The United Nations has a very well designed Charter and unlike its predecessor, which ignored sociopolitical agenda and dispute-resolution mechanisms, these components are included in the Charter as the principal organs of the UN.
Importance of the UN in the World Order
The United Nations is the linchpin of the present global order. Since the Second World War was won by the Western powers (the Allies), therefore the present-day World Order has been framed on the basis of their values and frame of reference — democracy and free-market economy. Had Germany and other Axis powers won the war, its shape would have been quite different from what it is today.
Another important aspect of the prevailing World Order is the global financial institutions like Bretton Woods Institutions i.e. the IMF and the World Bank, which were created to help the war-torn countries in Post-War reconstruction. The trade was regulated through the GATT, which has now been replaced by the World Trade Organization (WTO), created in 1993. The bottom line: In order to gain economic prosperity and political influence in the world, a country has to move through this World Order.

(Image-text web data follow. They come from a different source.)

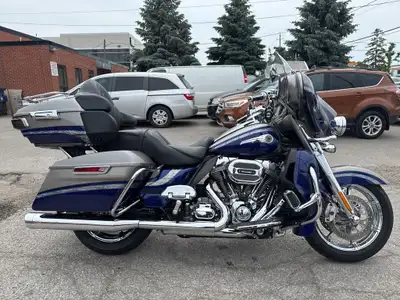 Check out this 2016 CANADIAN Harley-Davidson Ultra CVO 110ci with only 57,936kms. Be sure to follow...
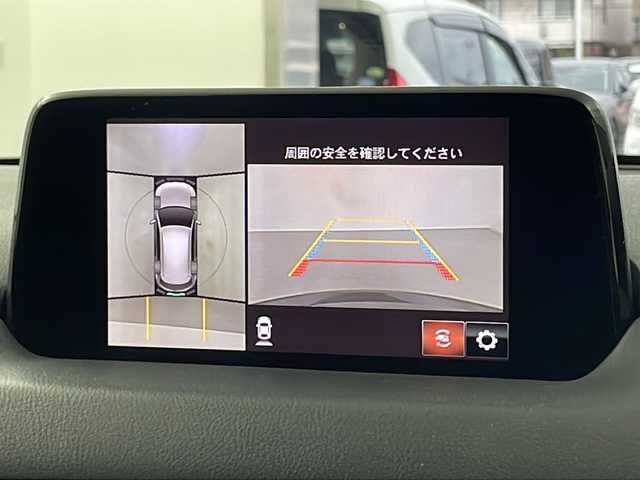 マツダ ＣＸ－５ XD Lパッケージ 岐阜県 2018(平30)年 9.4万km マシーングレープレミアムM 衝突軽減ブレーキ/レーンキープアシスト/パーキングセンサー/純正ナビ/CD/DVD/Bluetooth/フルセグTV/全周囲カメラ/レザーシート/前席シートヒーター/前席パワーシート(シートメモリー付き)/ハンドルヒーター/オートブレーキホールド/電動リアゲート/前後ドライブレコーダー/ETC/パドルシフト/オートLEDヘッドライト/純正１９インチアルミホイール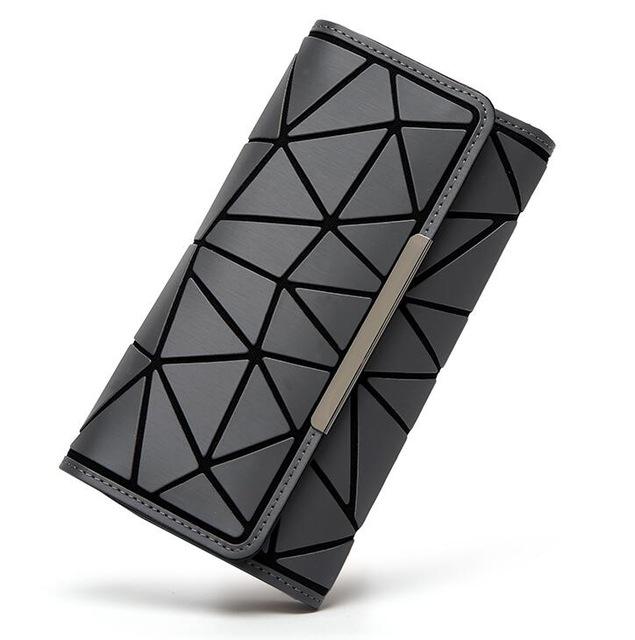 Geometric Luminous Effect Clutch Bag PeekWise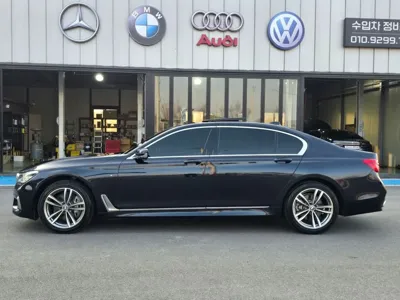 BMW 7-Series 2017, 193000 км, за 16848.36 USD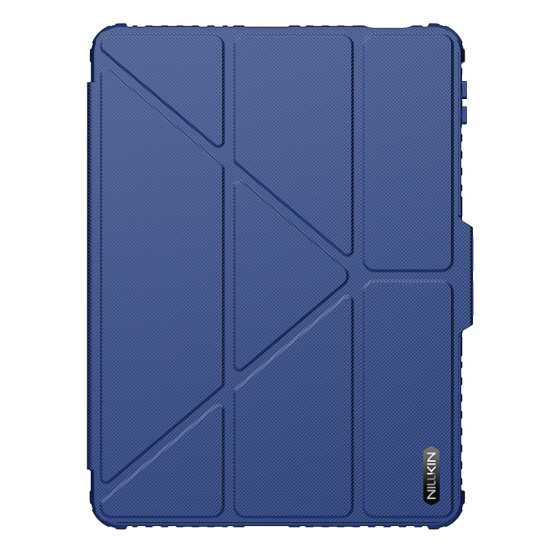 Xiaomi Pad 7 / 7 Pro брониран калъф с капак и защита на камерата син Xiaomi Pad 7 / 7 Pro брониран калъф с капак и защита на камерата син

That means gaining more and more influence at the UN is directly proportional to gaining influence in the international affairs.
Expansion of the UNSC – The Issue
The United Nations has 6 principal organs namely: (i) General Assembly (UNGA); (ii) Security Council (UNSC); (iii) Economic and Social Commission (ECOSOC), (iv) Trusteeship Council; (v) International Court of Justice (ICJ); and (vi) Secretariat. However, the UNSC, by and large, is the most important of the UN organs being primarily responsible for maintenance of international peace and security, and for this purpose, it is also mandated under Chapter VII of the Charter to use force — the UNGA is entitled with the ‘secondary’ or ‘subsidiary’ responsibility.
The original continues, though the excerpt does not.